### [Data excerpt]
◆ ◆ ◆ ◆

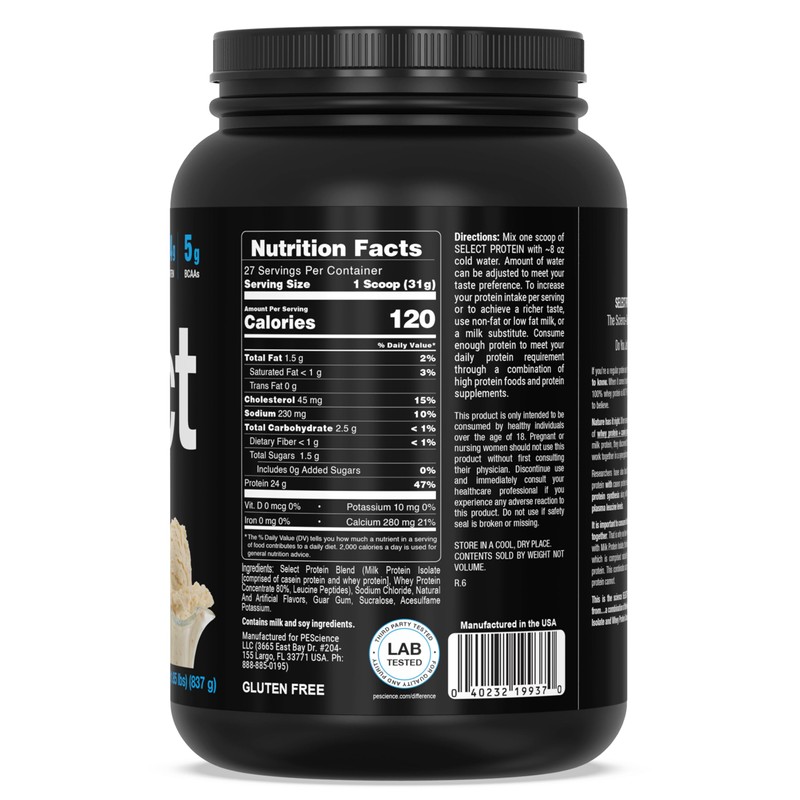 PEScience Select Protein Powder, Whey and Casein Blend, Clean Protein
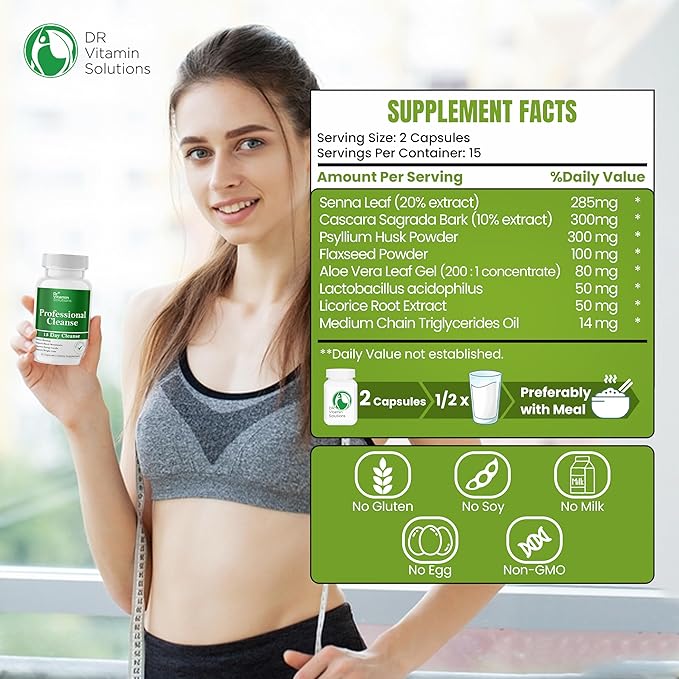DR VITAMIN SOLUTIONS 15 Day Gut Cleanse Detox for Women w/GLP-1 Support - Natural Colon & Detox Cleanse for Weight Loss - Bloating & Constipation Relief - Flushes Toxins & Supports Immunity - 60 Ct.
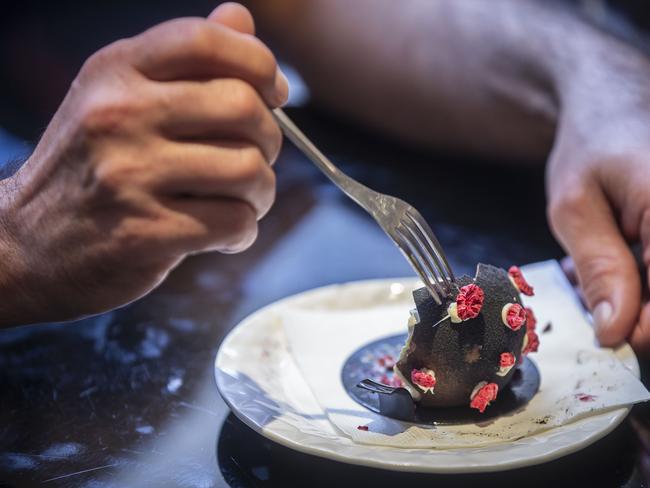 The popular ‘virus cake’ at the Black Madonna cafe in Prague’s historic Old Town. Picture: Gabriel Kuchta/Getty Images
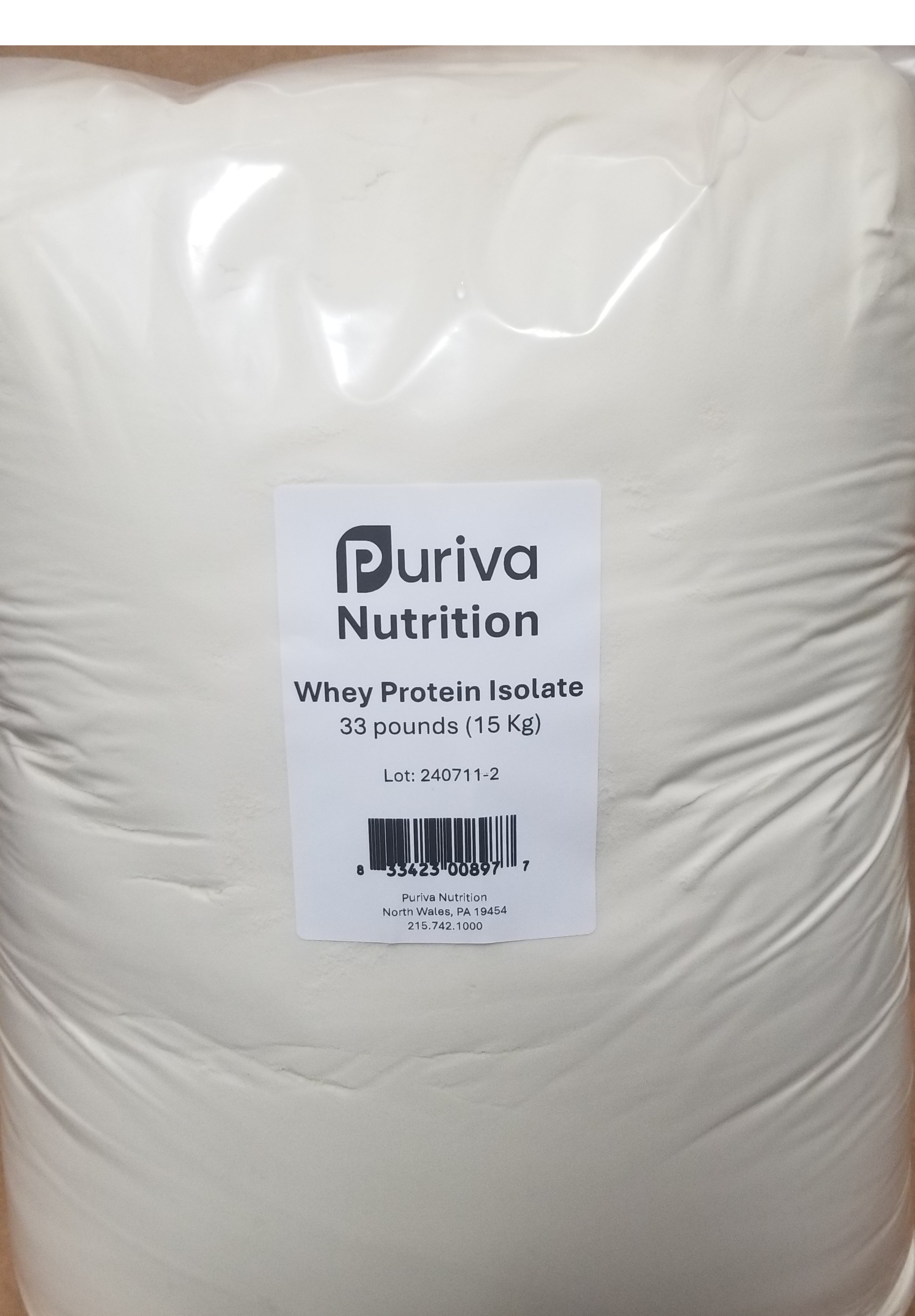 Protein powder, Whey Protein Isolate, plain, 33 pounds, Puriva Nutrition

◆ ◆ ◆ ◆

Without the pictures, write out the whole listing above exactly as it appears.

 PEScience Select Protein Powder, Whey and Casein Blend, Clean Protein
DR VITAMIN SOLUTIONS 15 Day Gut Cleanse Detox for Women w/GLP-1 Support - Natural Colon & Detox Cleanse for Weight Loss - Bloating & Constipation Relief - Flushes Toxins & Supports Immunity - 60 Ct.
 The popular ‘virus cake’ at the Black Madonna cafe in Prague’s historic Old Town. Picture: Gabriel Kuchta/Getty Images
 Protein powder, Whey Protein Isolate, plain, 33 pounds, Puriva Nutrition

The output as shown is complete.